• **ASSIGNMENT**
Your reply should set down word for word each line below from the one with "photo uncensored full" through the final line, both included, but none of the pictures.

[Stored data]
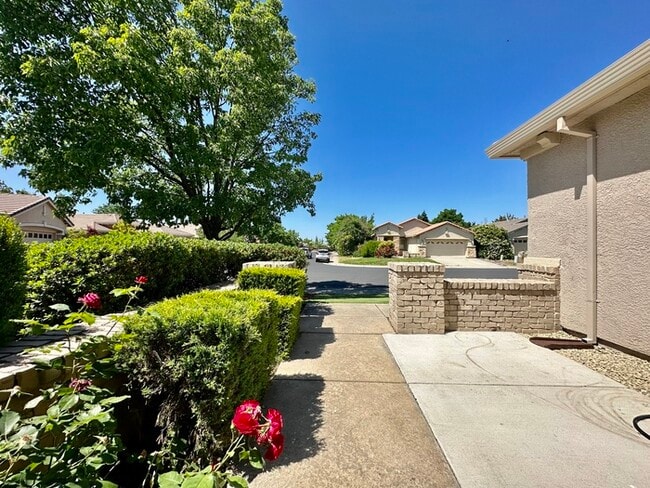 Building Photo - Beautifully Updated 3-Bedroom, 2-Bath Home...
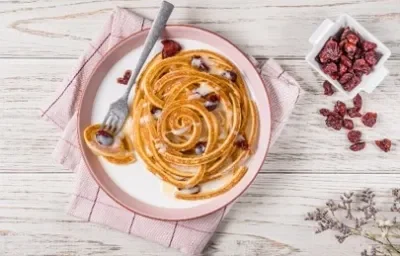 Espagueti de Hot Cakes con Arándanos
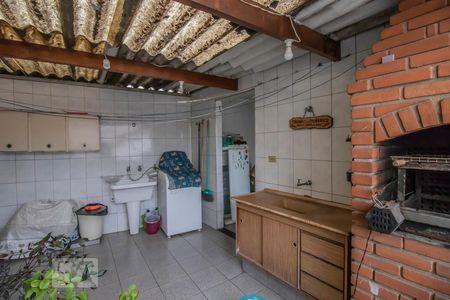 Casa à venda com 213m², 3 quartos e 1 vagaÁrea de Serviço e Churrasqueira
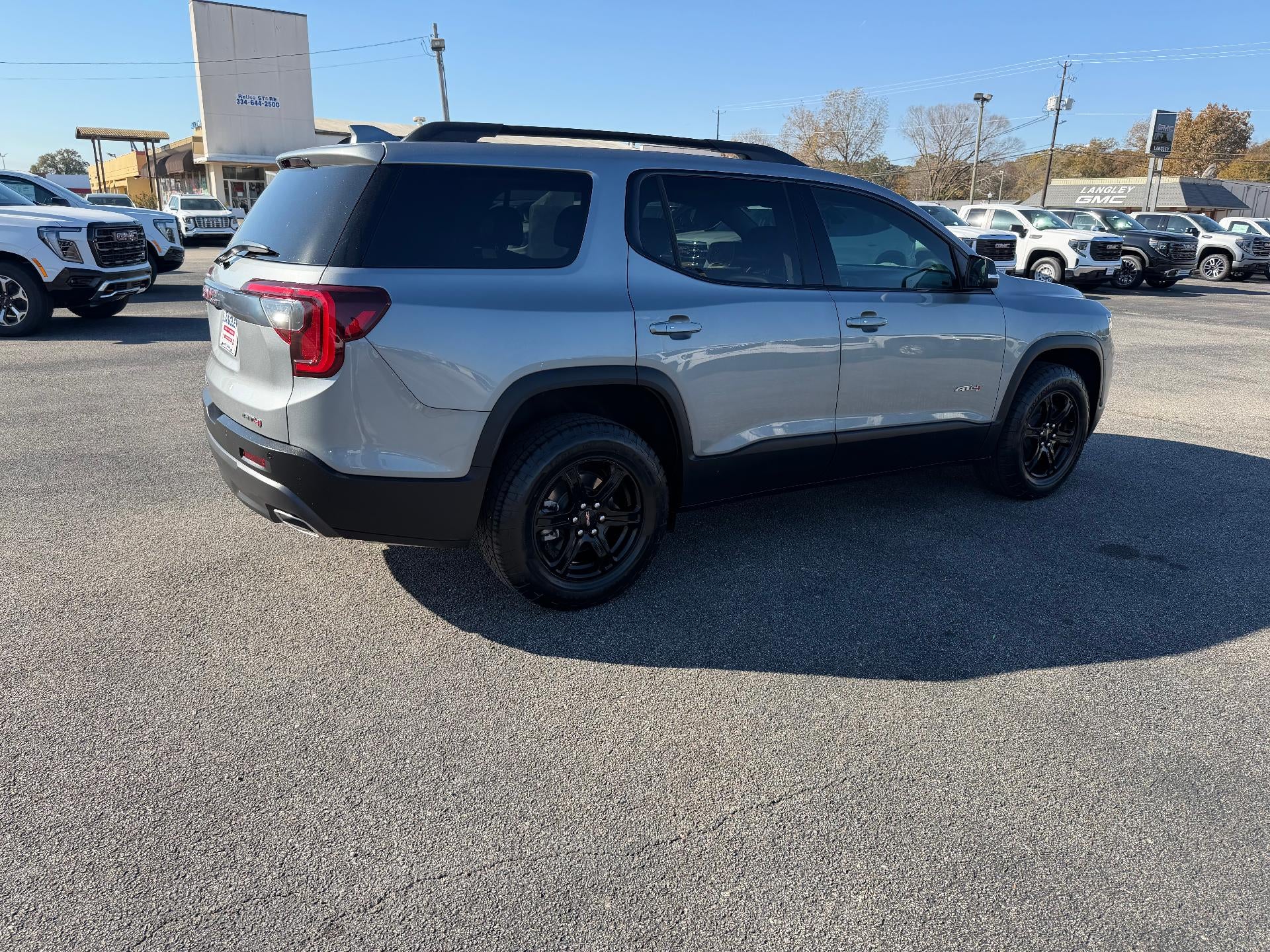 2023 GMC Acadia AWD AT4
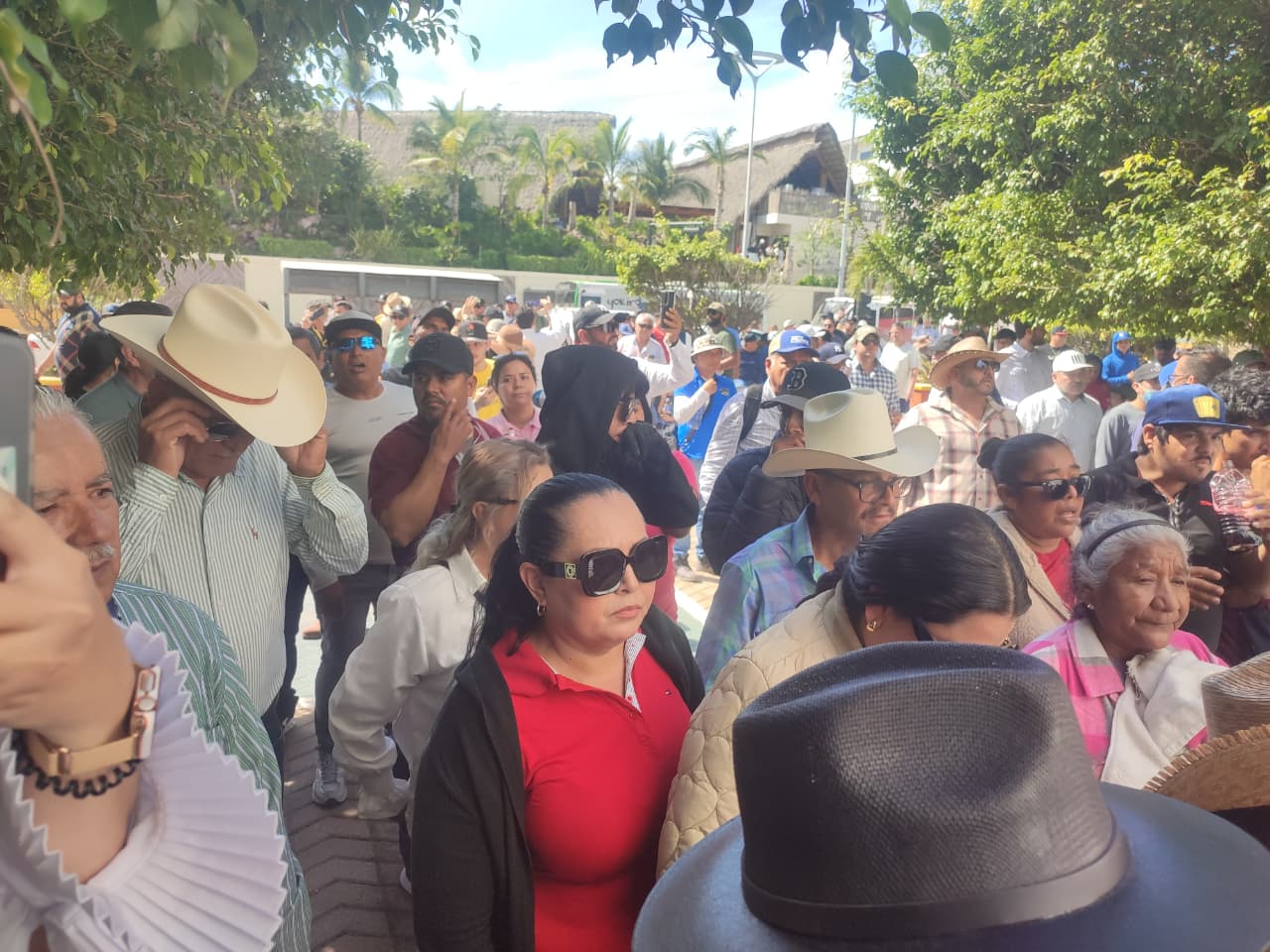 Productores acuícolas de Sonora, Sinaloa y Nayarit marcharon en protesta pacífica en Mazatlán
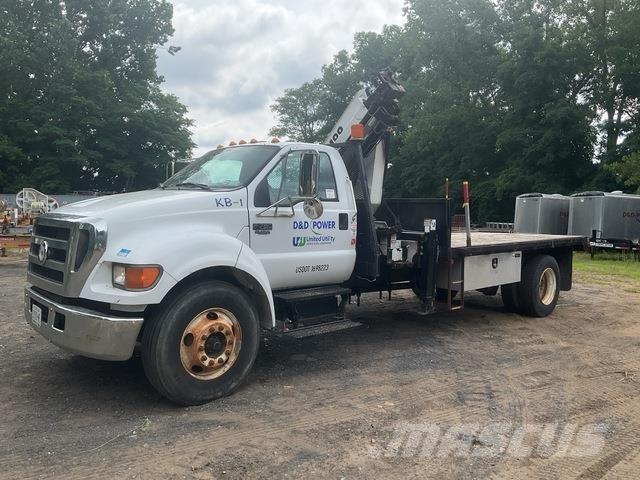 Ford F-750 Φορτηγά Kαρότσα με ανοιγόμενα πλαϊνά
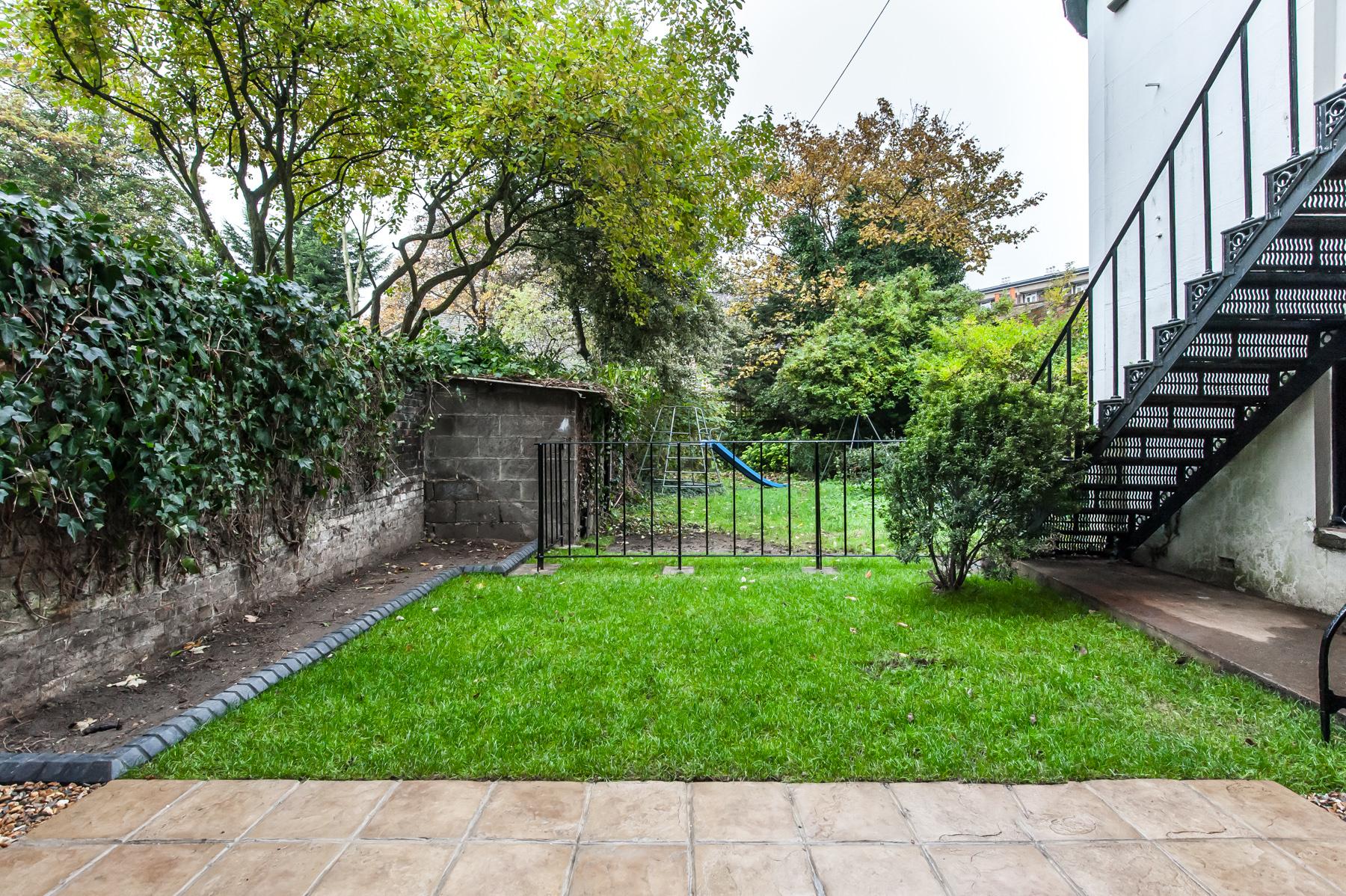 Flat Clapham Road in Greater London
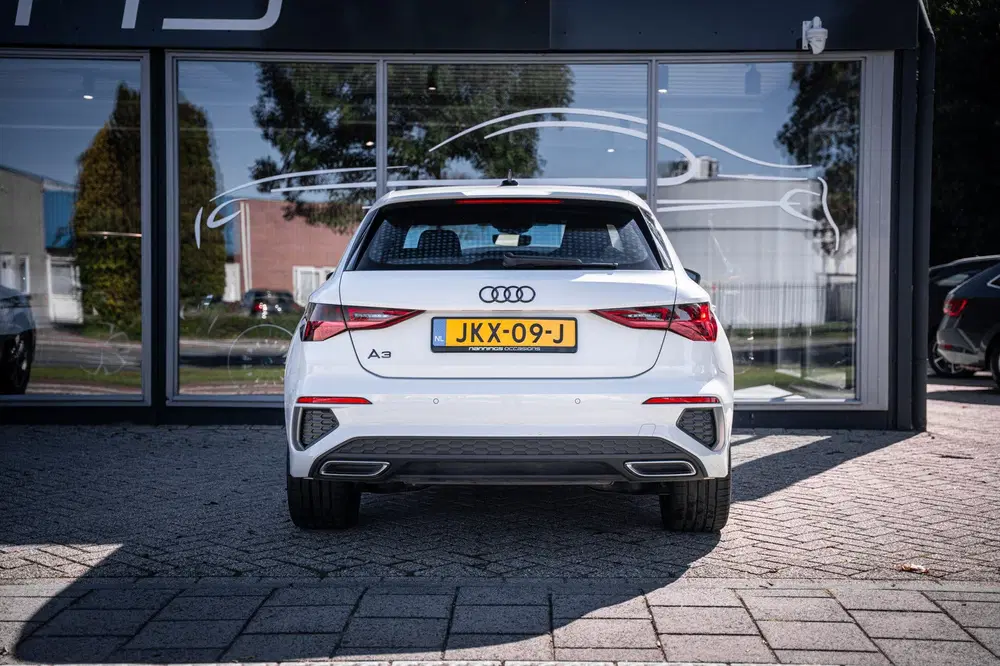 Audi A3 40 TFSI e Advanced edition uit 2024, foto 9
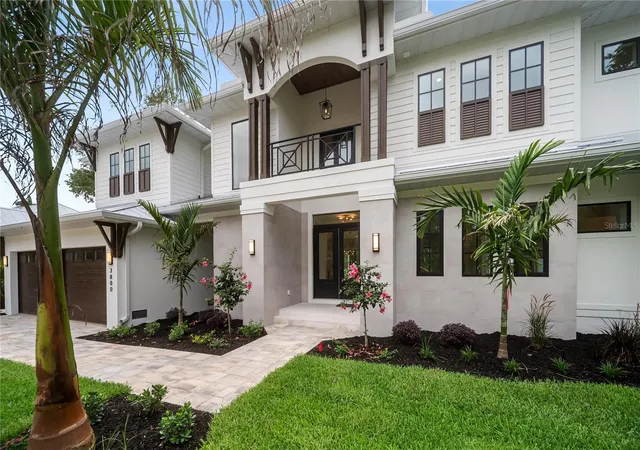 Photo 3 of Single family home for sale at 3800 Flores Ave, Sarasota, FL 34239 | MLS# A4695844 | Listing updated on 2026-10-06
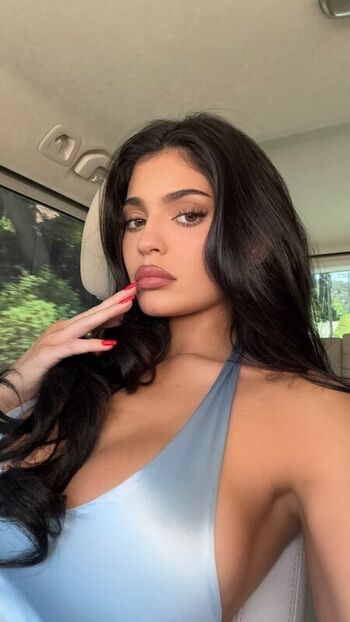 🔥 Kylie jenner  page leaked private photo uncensored full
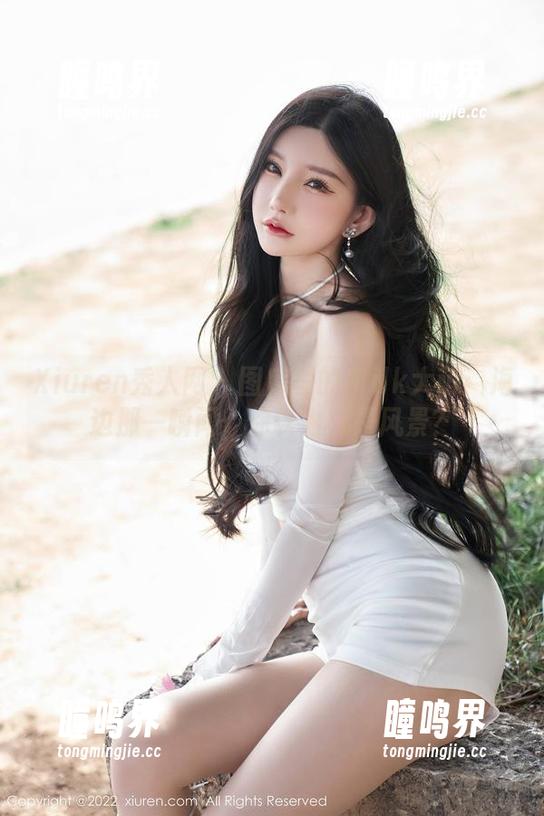 Xiuren秀人网-Milk大萌 Xiuren秀人网 - 图库里的Milk大萌:海边那一瞬间,你以为只是风景?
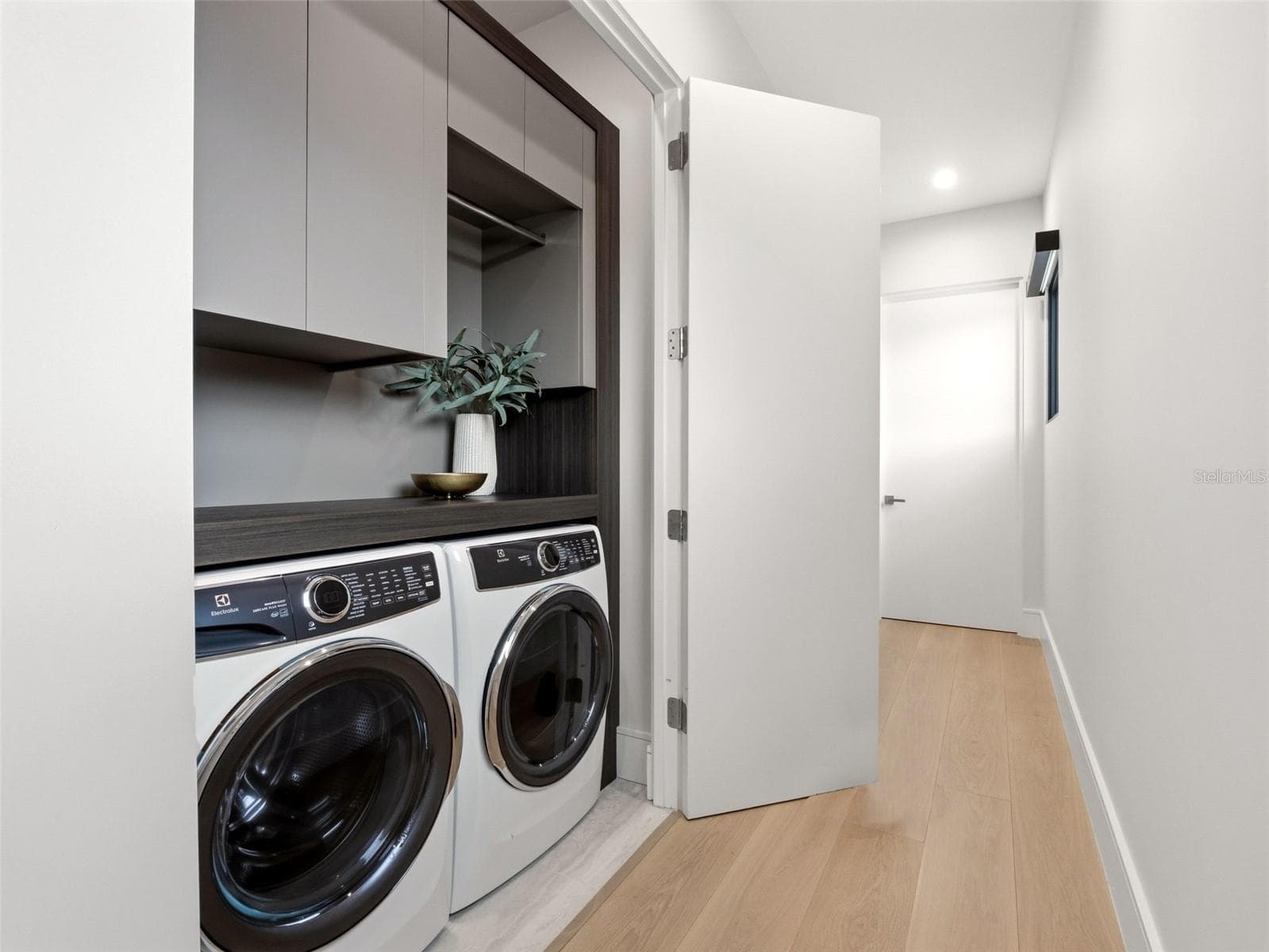 Upstairs Laundry - 8643 FARTHINGTON WAY, ORLANDO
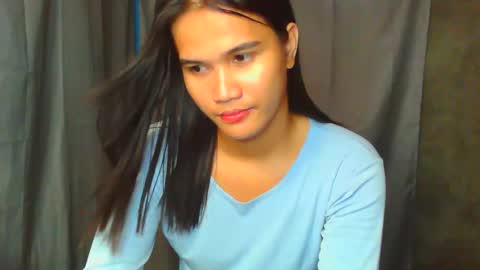Snapshot of swettie_rhea chatting on April 8, 2026, 2:39 pm Rhea online show from April 8, 2026, 2:39 pm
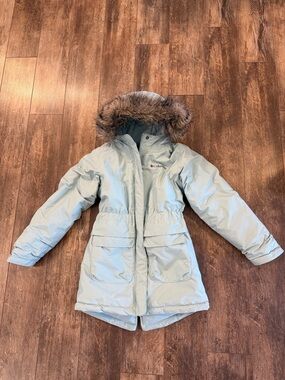 Columbia Light Teal Green Hooded Parka with Faux Fur Trim
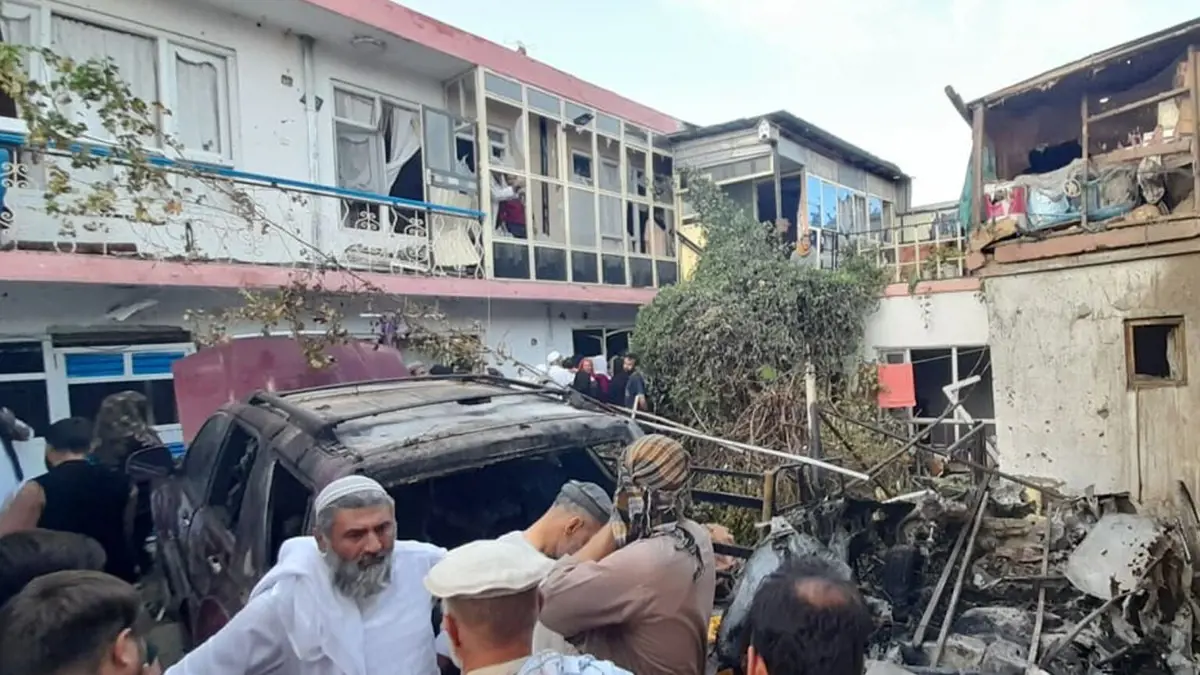 Rakétatámadás ért egy házat a kabuli reptér közelében, Amerika katonai csapást hajtott végre egy öngyilkos merénylő gépkocsija ellen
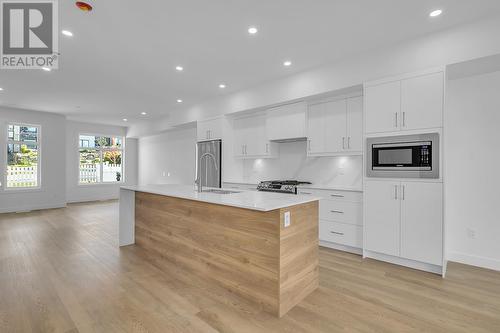 5300 Main Street Unit# 120, Kelowna, BC - Indoor Photo Showing Kitchen With Upgraded Kitchen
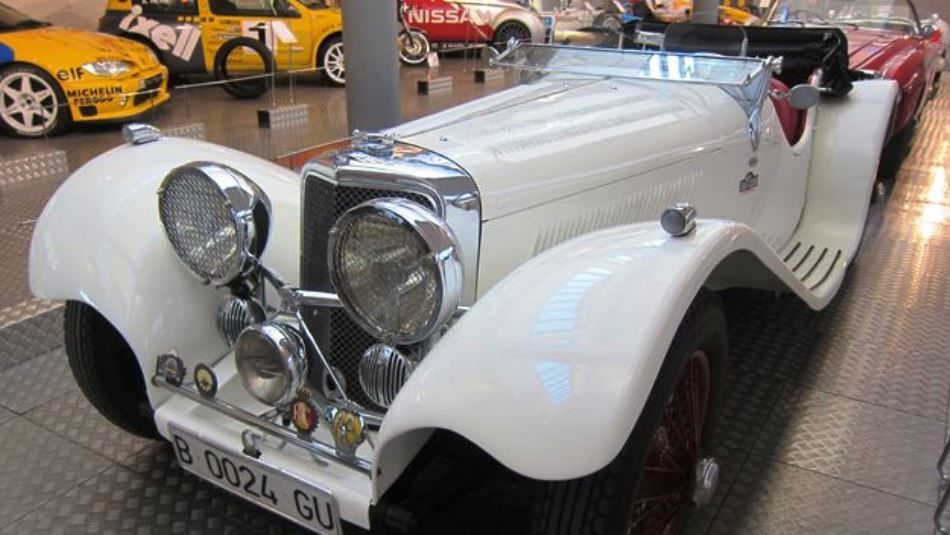 Uno de los modelos que se pueden ver en el Museo de Historia de la Automoción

• **ANSWER**
 🔥 Kylie jenner  page leaked private photo uncensored full
 Xiuren秀人网-Milk大萌 Xiuren秀人网 - 图库里的Milk大萌:海边那一瞬间,你以为只是风景?
 Upstairs Laundry - 8643 FARTHINGTON WAY, ORLANDO
Snapshot of swettie_rhea chatting on April 8, 2026, 2:39 pm Rhea online show from April 8, 2026, 2:39 pm
 Columbia Light Teal Green Hooded Parka with Faux Fur Trim
 Rakétatámadás ért egy házat a kabuli reptér közelében, Amerika katonai csapást hajtott végre egy öngyilkos merénylő gépkocsija ellen
 5300 Main Street Unit# 120, Kelowna, BC - Indoor Photo Showing Kitchen With Upgraded Kitchen
 Uno de los modelos que se pueden ver en el Museo de Historia de la Automoción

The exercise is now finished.